Died: 21 July 2006 in Brechin, aged 70.
Although he won the Scottish Cup with Falkirk and a Second Division championship medal with Liverpool, it is his endeavours with Dundee for which the goalkeeper Bert Slater will be best remembered.
Slater, who has died aged 70 in Brechin, was passed between brothers Bill and Bob Shankly in the summer of 1962, with the Ayrshire men then in charge of Liverpool and Dundee respectively. Given the status of the clubs today, somewhat remarkably this was seen as a step up for Slater even though Liverpool were anticipating a return to the top tier, where the club have remained ever since.
But Dundee, having won the Scottish First Division title for the first and only time in their history, were preparing for the European Cup. Bob Shankly had rated Slater since the keeper’s performance against Dundee for Liverpool in a game to mark the installation of the Dens Park floodlights in March 1960. Slater was bought for £2,500 but his departure from Liverpool left a sour taste.
“In the close season Bill Shankly told me I was on my way to Dundee,” recalled Slater in July 2004. “I said ‘no’, because I wanted to stay and fight for my place in the First Division. He then named six goalies right down to the Under-12 goalkeeper, and told me I was not even quoted.”
Fortunately, this was not an evaluation shared by brother Bob, who had also signed Slater for Falkirk. Within weeks, the goalkeeper had established himself as first choice ahead of title-winner Pat Liney and was starring in one of the most extraordinary two-legged ties in Scottish football history.
Dundee’s European Cup debut came against German champions Cologne, among the favourites to lift the cup itself. A crowd of 25,000 saw Dundee take a three goal lead in the 13 minutes. By half-time it was five, and, by the end, astonishingly, Dundee had triumphed 8-1. Even the Cologne goal was scored by a Dundee player – Alex Hamilton, who has also since passed away, putting one past Slater, his own keeper. The Germans left Dens Park nursing a grievance as well as hurt pride. Their goalkeeper had been injured in a clash with Alan Cousin, and was forced off at half-time. The German club were intent on revenge, and targeted Slater for “special attention” in the second leg. Apparently, there were already stretcher bearers positioned behind his goal when the game kicked-off.

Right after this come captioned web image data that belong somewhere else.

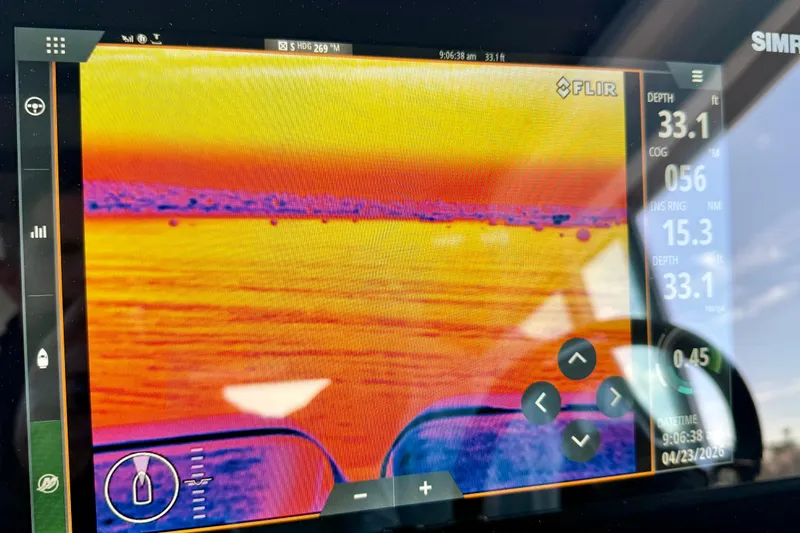 Slide: The Image of Thermal imaging display on 2021 Axopar Brabus 28 Cabin boat, showing depth and navigation data. - 47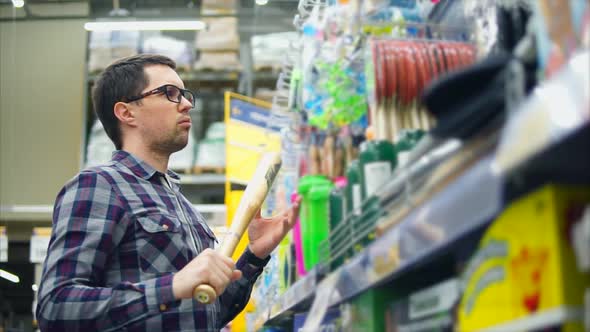 A Man in Glasses Selects a Baseball Bat for a Teenager in a Sporty Store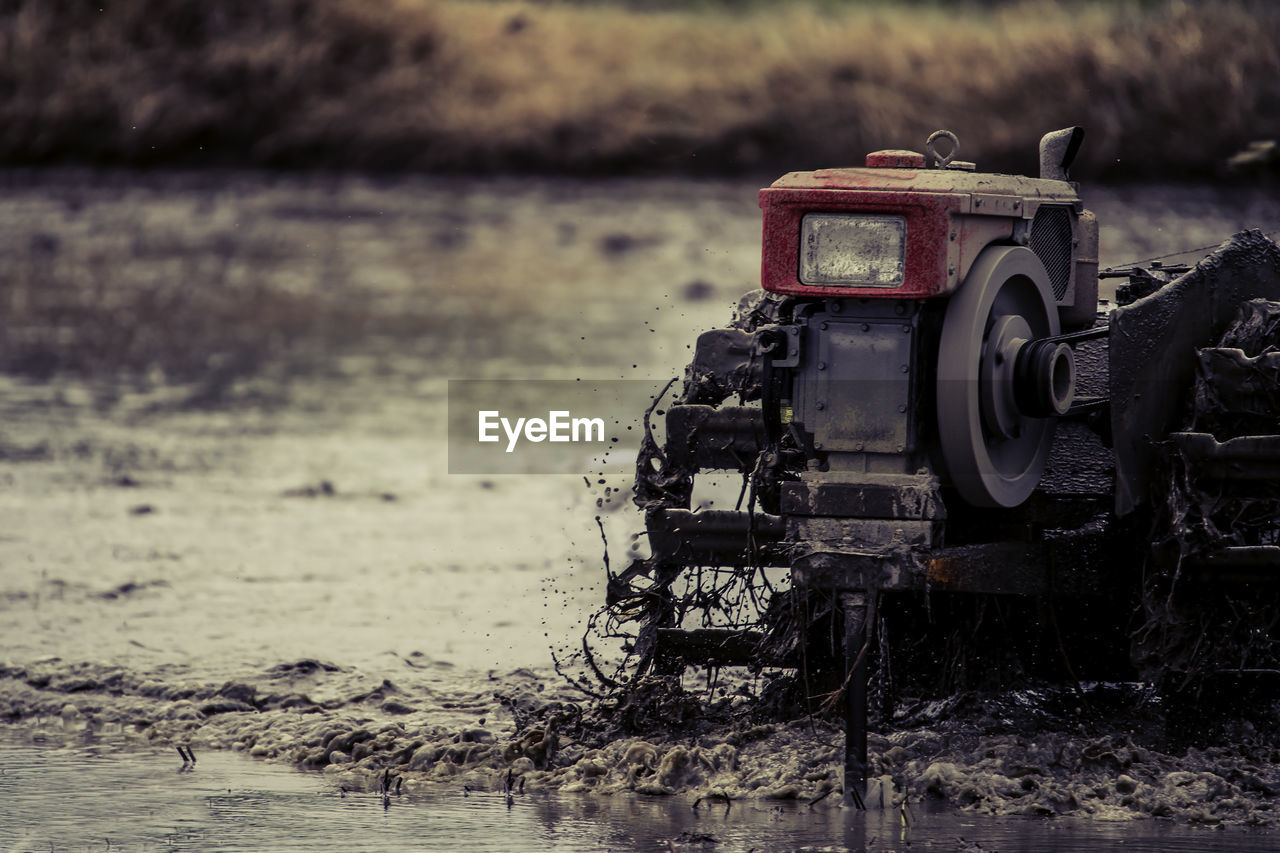 CLOSE-UP OF ABANDONED MACHINERY ON FIELD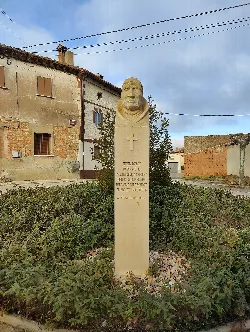 Bust sculpture on a column with inscription in Mahamud.
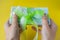 Female two hands holding a pack of hundred euro banknotes with green bow-knot, gift or dividends concept, european union money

He was gashed in the head by a German player’s boot after just 27 minutes, and replaced by inside right Andy Penman. By the time the bedraggled Scots had retreated to the dressing room at half-time, Dundee were already 3-0 down. A bandaged-up Slater walked back into the away dressing room at half-time and the sight alone was enough to raise spirits although the keeper, in typical fashion, made a joke about looking like Lana Turner, the screen siren whose sleek outfit in The Postman Always Rings Twice had included a white turban. Slater, it was decided, should play outfield, and took up position on the wing, reprising the Gordon Smith role. And with more success, he later quipped.

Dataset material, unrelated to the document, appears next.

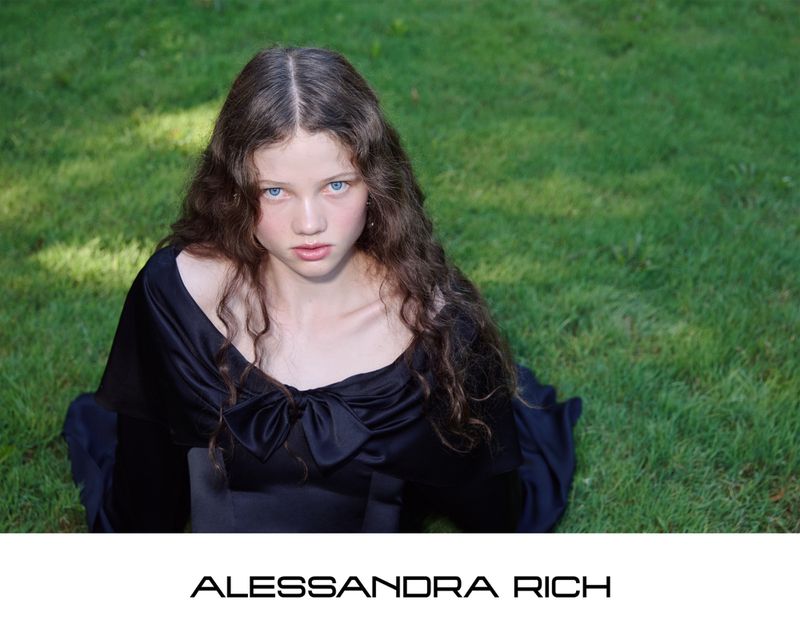 A young woman with long dark wavy hair wearing a black dress sits on green grass in the Alessandra Rich S/S 2026 campaign.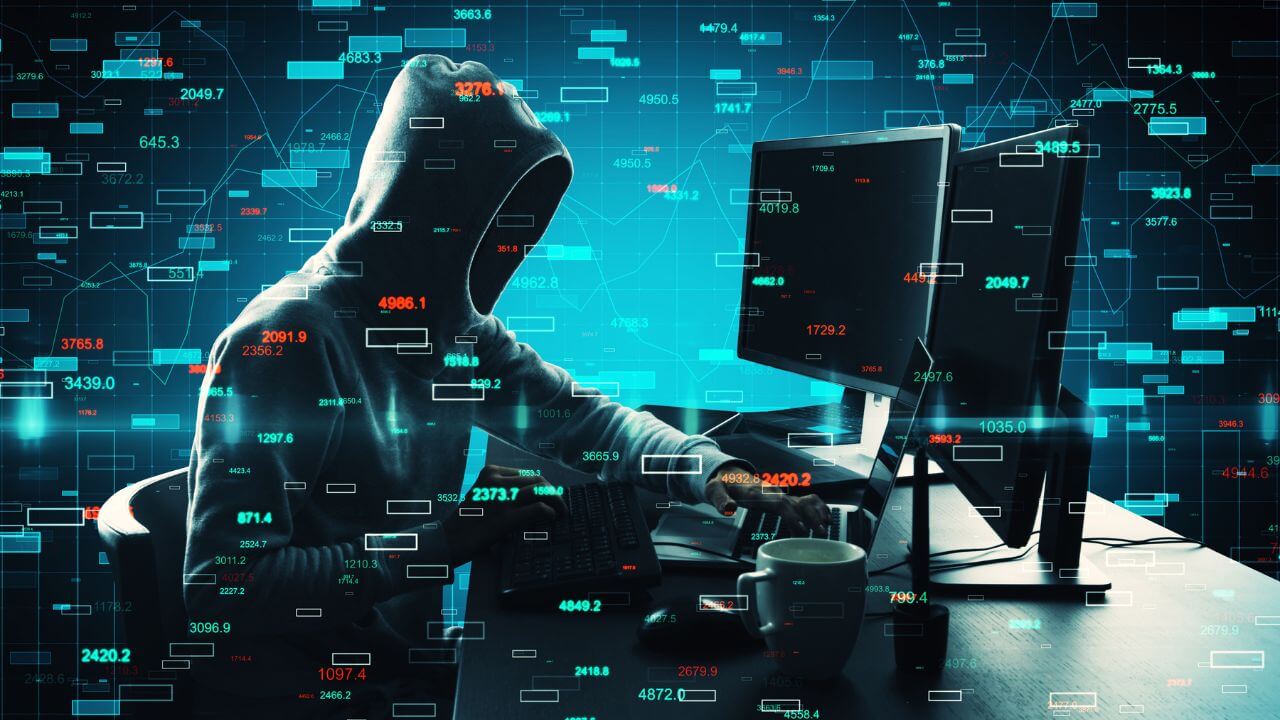 Hooded hacker at computer with floating code, depicting cybercriminal executing a RaaS operation. Hooded hacker at computer with floating code, depicting cybercriminal executing a RaaS operation.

Another strike for Cologne was the spur for Slater to return to where he was most at home, although even as a boy growing up in Musselburgh he would often play in attack on the Fisherrow Links because he was deemed too good to be restricted to goal.
Dundee’s run that year was finally ended at the semi-final stage by AC Milan, who went on to lift the cup at Wembley. It is not simply a supporter’s reverie which prompts the thought that Slater could have been a Ronnie Simpson, the first British goalkeeper to win the most revered medal in the club game. Celtic instead made history four years later in Lisbon.
By this time Slater had left Dens for Watford, where he was a player, coach and also assistant manager. His career had begun at Falkirk, the club he joined straight from Musselburgh Grammar School. He made his debut aged just 17 in front of 90,000 at Ibrox and helped Falkirk lift the Scottish Cup in 1957 against Kilmarnock in a replay watched by as many. It’s clear he could count on a steely nerve as well as his ready wit.
Slater is survived by his wife, Jean, two daughters and a son.